Brief -> Repeat the records in full and exactly, omitting pictures.

Given records ->
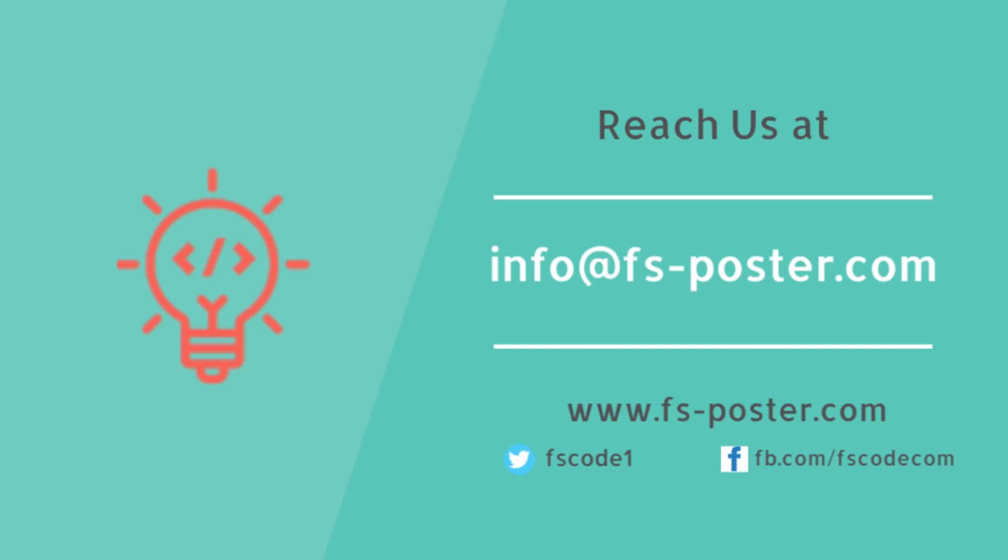Thanks for checking out this tutorial. Make sure to check out the official website of the FS Poster Plugin.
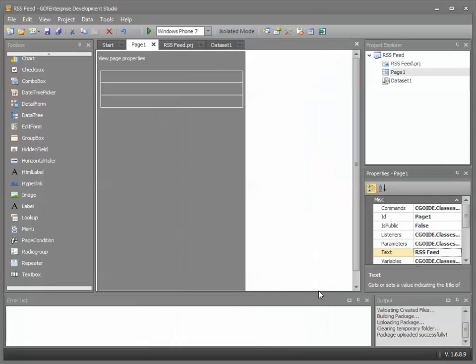And that concludes our demonstration. In under five minutes we've built a Go app that runs successfully across all major mobile platforms, connects into a back-end data system, and responds to user touch.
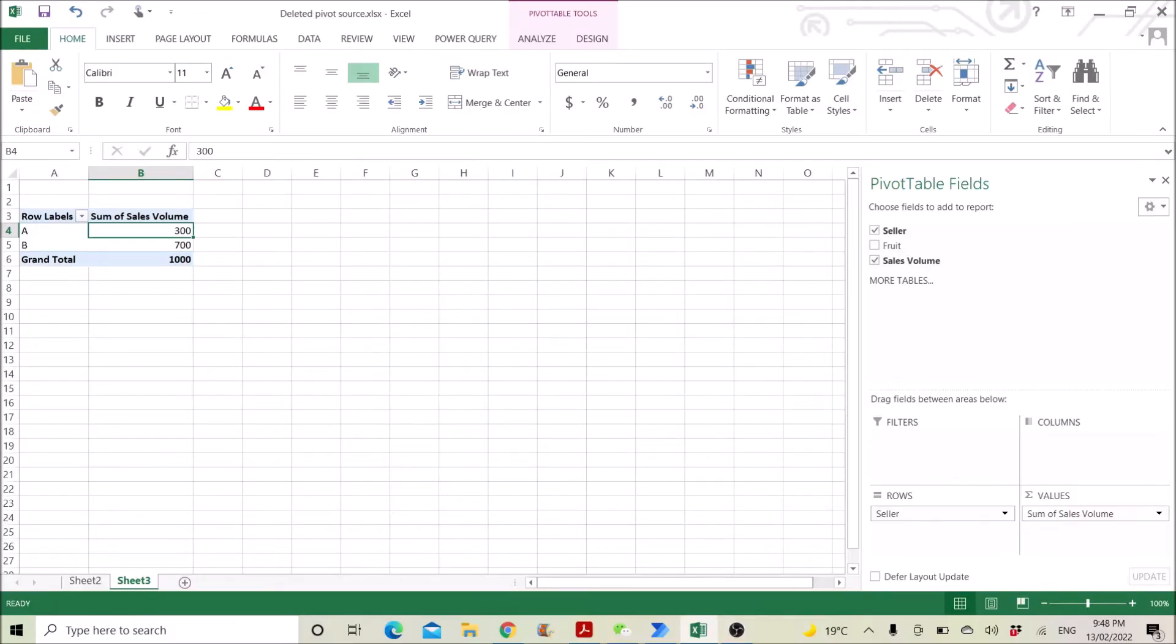Hi all! This is a really quick video to show you how to retrieve the source data if you have deleted your pivot table source data.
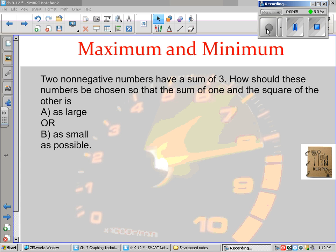Today's lesson is all about maximums and minimums. We're going to talk about two different types of questions: one where they give you a word problem with some kind of scenario where they want a value as large or as small as possible, and the second type where they want the maximum area of a rectangle. Both involve the same kind of idea, and that's what we're going to focus on today.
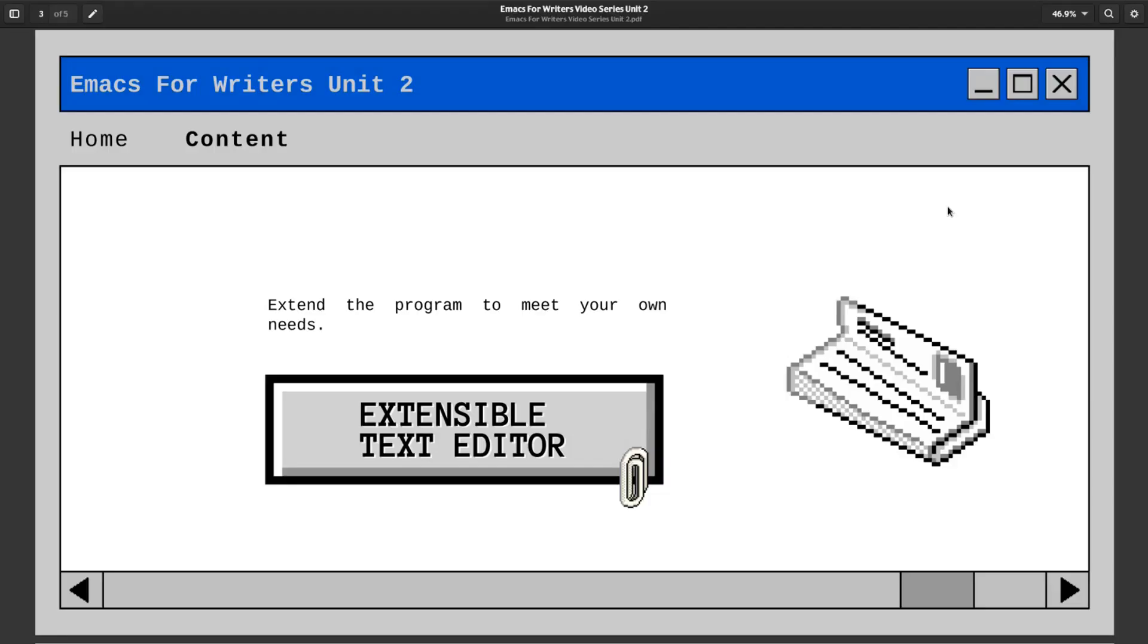But believe me, I'm no coder and I have managed to use Emacs Lisp quite proficiently over the years to extend the hell out of my Emacs configuration. And now with AI language models to assist you, the sky is really the limit with how far you can customize Emacs.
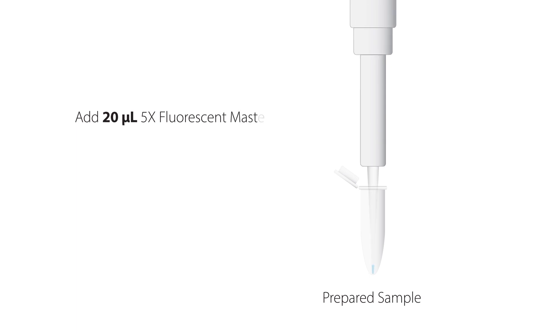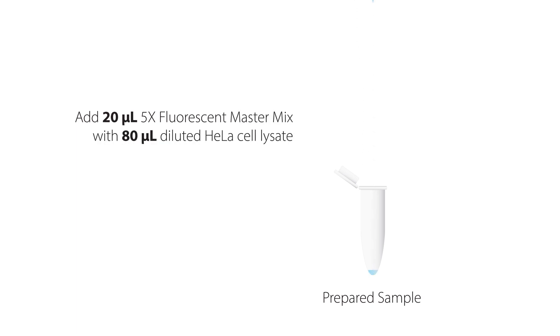Combine 20 microliters of prepared 5x fluorescent master mix with 80 microliters of your diluted HeLa lysate sample. Mix by pipetting up and down.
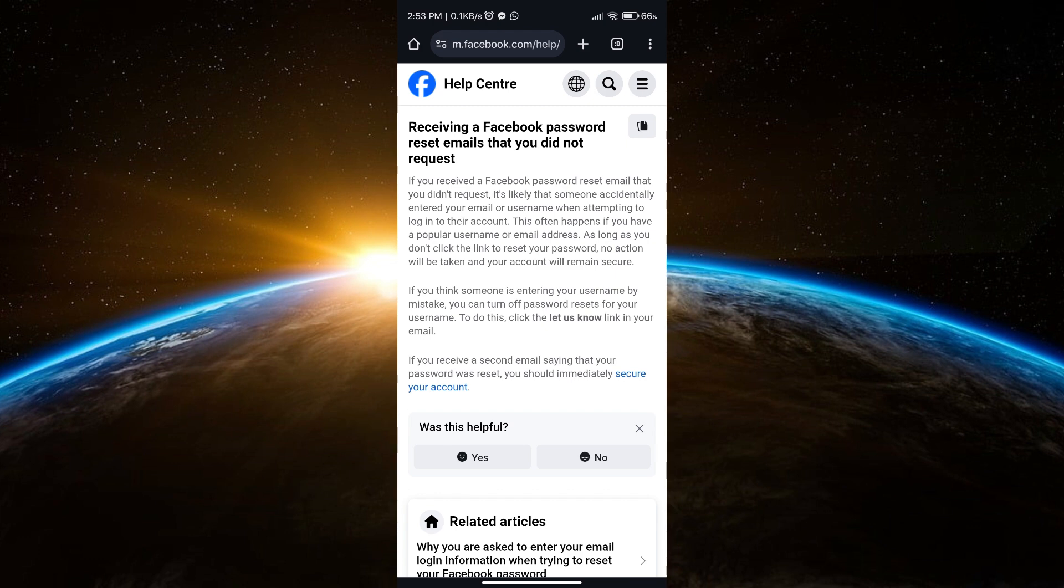It says that if you received a second email saying that your password was reset, you should immediately secure your account. That's it everyone, make sure to secure your account on Facebook. I hope you learned something today.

Response ->
Thanks for checking out this tutorial. Make sure to check out the official website of the FS Poster Plugin.
And that concludes our demonstration. In under five minutes we've built a Go app that runs successfully across all major mobile platforms, connects into a back-end data system, and responds to user touch.
Hi all! This is a really quick video to show you how to retrieve the source data if you have deleted your pivot table source data.
Today's lesson is all about maximums and minimums. We're going to talk about two different types of questions: one where they give you a word problem with some kind of scenario where they want a value as large or as small as possible, and the second type where they want the maximum area of a rectangle. Both involve the same kind of idea, and that's what we're going to focus on today.
But believe me, I'm no coder and I have managed to use Emacs Lisp quite proficiently over the years to extend the hell out of my Emacs configuration. And now with AI language models to assist you, the sky is really the limit with how far you can customize Emacs.
Combine 20 microliters of prepared 5x fluorescent master mix with 80 microliters of your diluted HeLa lysate sample. Mix by pipetting up and down.
It says that if you received a second email saying that your password was reset, you should immediately secure your account. That's it everyone, make sure to secure your account on Facebook. I hope you learned something today.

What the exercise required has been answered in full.